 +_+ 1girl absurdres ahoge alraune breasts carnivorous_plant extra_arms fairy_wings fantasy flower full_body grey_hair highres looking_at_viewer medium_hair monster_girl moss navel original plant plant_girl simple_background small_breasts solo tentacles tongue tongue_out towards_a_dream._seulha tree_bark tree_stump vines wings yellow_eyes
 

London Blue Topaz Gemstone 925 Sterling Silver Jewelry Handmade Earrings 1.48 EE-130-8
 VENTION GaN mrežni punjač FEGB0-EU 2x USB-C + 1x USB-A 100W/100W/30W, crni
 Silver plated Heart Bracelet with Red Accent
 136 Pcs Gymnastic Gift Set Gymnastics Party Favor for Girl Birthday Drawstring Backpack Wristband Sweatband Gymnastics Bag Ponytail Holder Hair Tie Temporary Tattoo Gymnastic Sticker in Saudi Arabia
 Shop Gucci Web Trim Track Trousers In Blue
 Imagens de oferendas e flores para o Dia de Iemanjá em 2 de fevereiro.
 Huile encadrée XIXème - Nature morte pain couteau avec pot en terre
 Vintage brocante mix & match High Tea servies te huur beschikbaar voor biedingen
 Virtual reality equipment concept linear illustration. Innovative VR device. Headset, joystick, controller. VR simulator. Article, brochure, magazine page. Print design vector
#####
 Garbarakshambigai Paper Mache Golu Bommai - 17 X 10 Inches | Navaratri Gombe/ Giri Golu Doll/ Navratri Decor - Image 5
#####
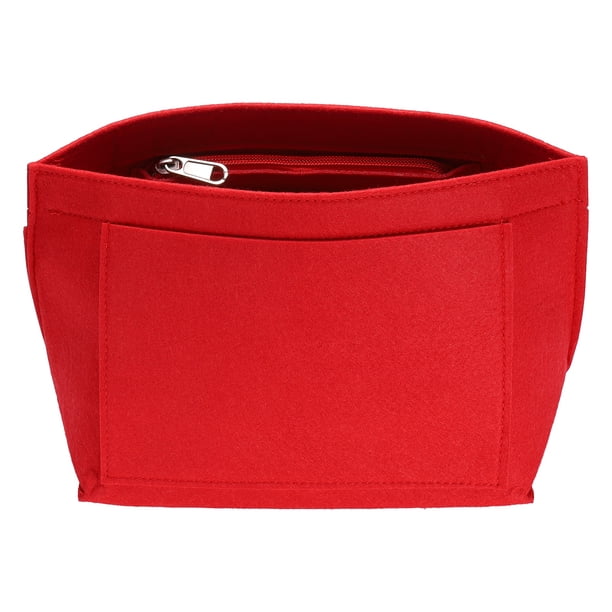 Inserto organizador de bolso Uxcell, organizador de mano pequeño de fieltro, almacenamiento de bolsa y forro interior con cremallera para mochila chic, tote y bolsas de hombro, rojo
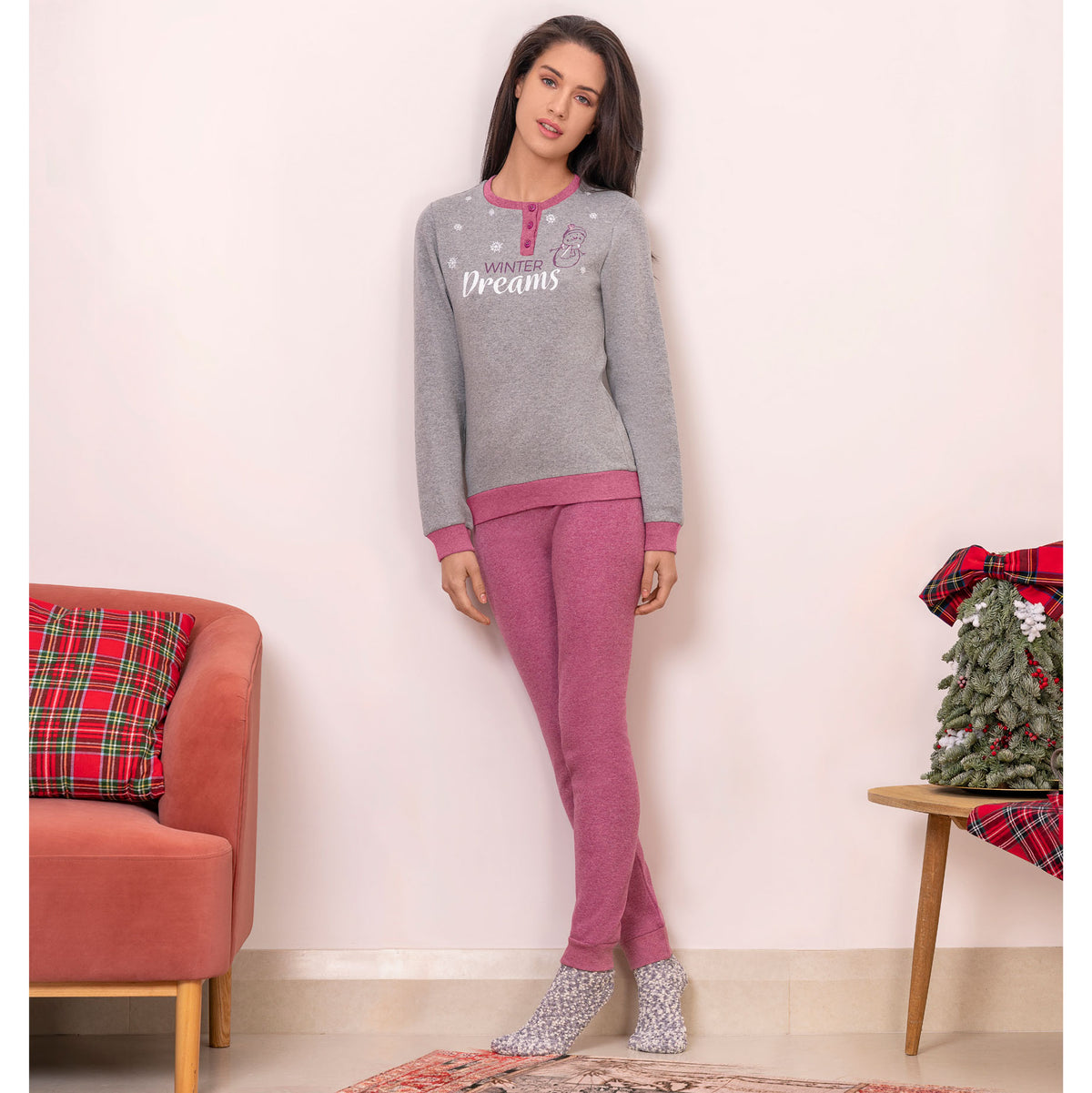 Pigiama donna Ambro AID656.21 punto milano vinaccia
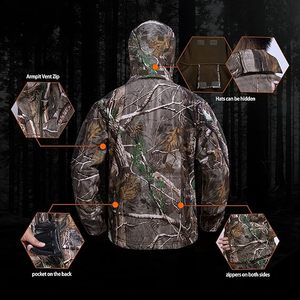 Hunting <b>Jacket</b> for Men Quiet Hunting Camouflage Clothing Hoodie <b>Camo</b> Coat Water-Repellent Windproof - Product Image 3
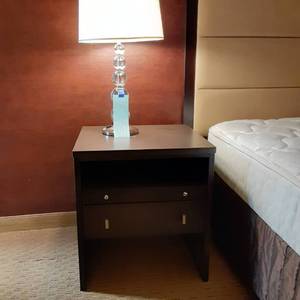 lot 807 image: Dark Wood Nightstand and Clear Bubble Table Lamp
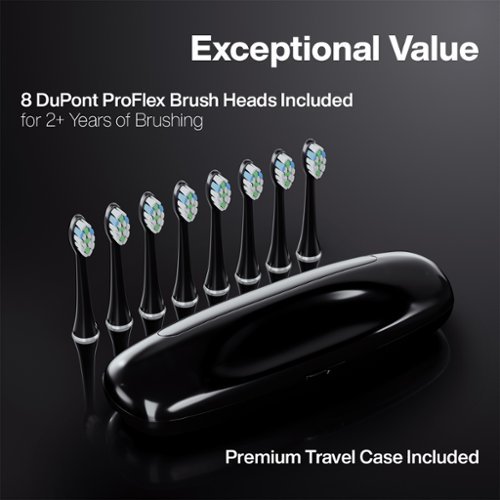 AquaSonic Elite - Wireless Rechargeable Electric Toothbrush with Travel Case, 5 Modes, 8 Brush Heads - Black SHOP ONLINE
#####
| WHAT IS BEING ASKED |
Taking the entries above, write out exactly the lines starting with the line containing "Shop Gucci Web Trim Track Trousers In Blue" and going on through the line containing "Vintage brocante mix", both included, and nothing else.

| TASK SOLUTION |
 Shop Gucci Web Trim Track Trousers In Blue
 Imagens de oferendas e flores para o Dia de Iemanjá em 2 de fevereiro.
 Huile encadrée XIXème - Nature morte pain couteau avec pot en terre
 Vintage brocante mix & match High Tea servies te huur beschikbaar voor biedingen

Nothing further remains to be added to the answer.